British artist (born 1960)

Andrew Stock (born 1960) is a British artist who, having spent many years in Dorset now lives in Devon. He has been painting wildlife and landscapes since 1978. He is the brother of Jon Stock, a British journalist and author. He has been a member of the Society of Wildlife Artists since 1983, was Honorary Secretary from 1995 to 2004 and President from 2004 to 2009. He is now an Honorary Vice-president of the society and continues to exhibit with them at the annual exhibition at the Mall Galleries. Stock served as a Governor at the Federation of British Artists from 1997 to 2003. In 2005 Stock was elected a Fellow of the Royal Society of Painter-Printmakers.

Stock held the first of four solo shows at the Malcolm Innes Gallery in London in 1981, followed by shows at the Mall Galleries in London and also abroad. While at school he was encouraged and inspired by Sir Peter Scott the conservationist and painter.
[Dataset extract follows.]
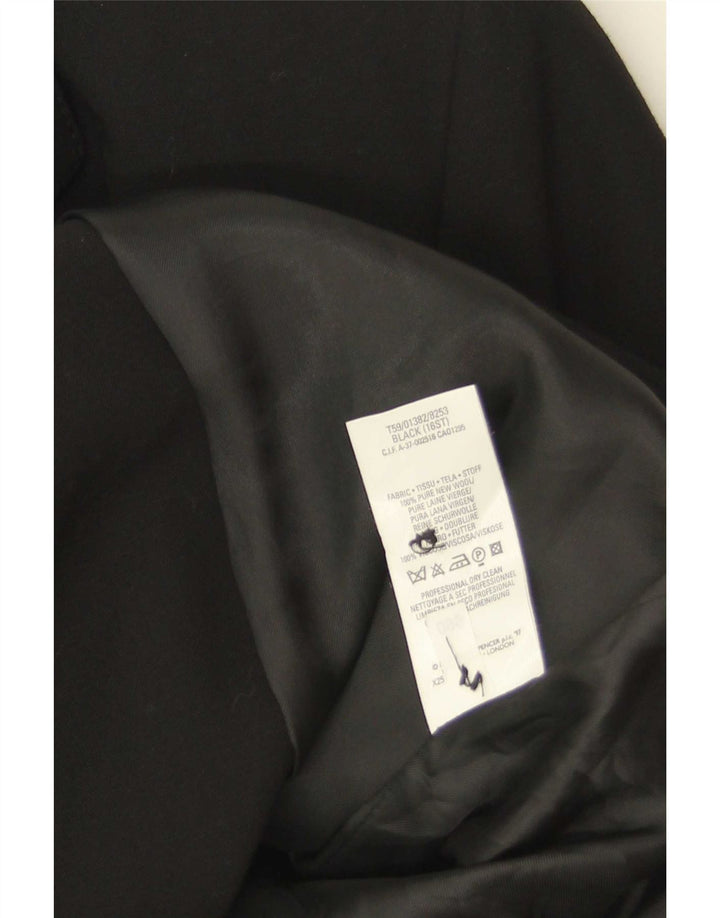 Cappotto da donna Marks & Spencer UK 16 Large Black New Wool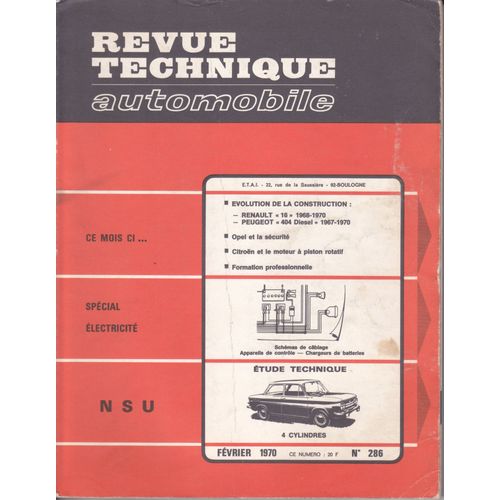 Revue Technique Automobile N S U 4 Cylindres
He draws his inspiration from the local countryside as well as visits to Cornwall, the Outer Hebrides, Sutherland, France and Kaladungi, Corbett National Park, Kumaun Himalaya in India. and Ulusaba Private Game Reserve in South Africa.

Stock paints in oils and watercolours and in 1990 he added etching to his folio.

In 2008 he was invited by the Royal Navy to accompany HMS Endurance and artistically record the wildlife and landscape of Antarctica. The resulting work was successfully exhibited in a solo show at the Frost & Reed Gallery in St James's, London, in June 2009. This was followed by a further exhibition at Frost & Reed, based on the wildlife and landscapes of the Outer Hebrides in November 2010. Frost & Reed continued to represent Stock until the St James's gallery closed in the autumn of 2011. Stock subsequently exhibited at the Mall Galleries with 'The call of the running tide' exhibition in December 2013 and 'Ulusaba' in December 2014. Further exhibitions include 'Coastlines' in November 2016, featuring the wildlife and land/seascapes of north Cornwall and the Northwest Highlands, and 'Mules, mountains and minarets' in November 2017 (birdlife and landscapes in and around the Berber villages of the Atlas Mountains), both held at the Royal Opera Arcade Gallery, Pall Mall, London.